Oxford Conference: Booker CEO says act fast to beat recession

Businesses facing a financial crisis in this recession have only weeks to take action before the vicious spiral of decline gets a grip.

That was the stark warning for delegates at the Oxford Farming Conference from Charles Wilson, chief executive of Booker, the UK’s largest food wholesaler.

Mr Wilson said that in the early 1990s it could take two years for financial distress to take hold in a business, whereas today it can be just two months. He believed this was partly due to computers and better communications and he urged farmers in a crisis to find fast solutions.

“The market forces will be challenging,” he said. “If you find yourself heading into the vicious spiral, act quickly and improve the cash, costs and customer proposition in weeks.”

Booker has had a big turnaround in recent years and now runs 172 wholesale branches with £3.1bn of sales serving caterers, independent retailers and 915 farm shops.

The wholesaler faced a crisis of its own in 2005 with debts of £361m, sales falling at 6% and profits collapsing. By his own admission, the Booker chief said his customers thought it was doing a lousy job, with poor choice, too high prices and terrible service. A new management team set about recovering the business in November 2005.

Mr Wilson described a number of market forces that are affecting business right across the food chain. In the past couple of years, four waves have hit large and small businesses – the banking crisis in July 2007, commodity inflation in November 2007; a decline in consumer spending began in May 2008 and by September 2008 trade credit had started to tighten.

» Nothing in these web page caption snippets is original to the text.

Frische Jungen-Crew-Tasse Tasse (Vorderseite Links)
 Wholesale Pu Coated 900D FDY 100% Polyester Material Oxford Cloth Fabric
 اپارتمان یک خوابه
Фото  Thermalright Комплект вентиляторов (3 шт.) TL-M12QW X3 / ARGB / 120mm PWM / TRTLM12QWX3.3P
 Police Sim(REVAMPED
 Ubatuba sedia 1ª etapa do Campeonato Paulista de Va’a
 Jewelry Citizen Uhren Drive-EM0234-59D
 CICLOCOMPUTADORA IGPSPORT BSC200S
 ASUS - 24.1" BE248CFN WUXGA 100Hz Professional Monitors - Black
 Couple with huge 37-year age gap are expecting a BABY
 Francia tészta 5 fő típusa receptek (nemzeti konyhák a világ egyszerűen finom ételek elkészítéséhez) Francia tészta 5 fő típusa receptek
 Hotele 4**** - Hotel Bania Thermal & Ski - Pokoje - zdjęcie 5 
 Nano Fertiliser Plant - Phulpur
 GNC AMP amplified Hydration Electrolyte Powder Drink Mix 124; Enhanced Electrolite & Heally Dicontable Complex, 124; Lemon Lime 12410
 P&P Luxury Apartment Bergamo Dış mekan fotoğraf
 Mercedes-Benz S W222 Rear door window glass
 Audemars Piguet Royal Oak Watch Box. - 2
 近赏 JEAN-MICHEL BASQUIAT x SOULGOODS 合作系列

“These waves might cause financial distress where businesses get into a vicious spiral of decline. The decline usually starts with staff getting worried,” he said. “This is soon followed by suppliers, customer demand falls, the funders get worried, sometimes the media pick up the story and then the spiral lunges down again. In this world, a fast response is required”.

Booker’s way out of its crisis was to control cash and costs, revisit the customer experience, introduce a new concept and revise the culture of the company. It spends substantial sums each year now on conducting surveys of 40,000 customers and by responding to their views sales have grown.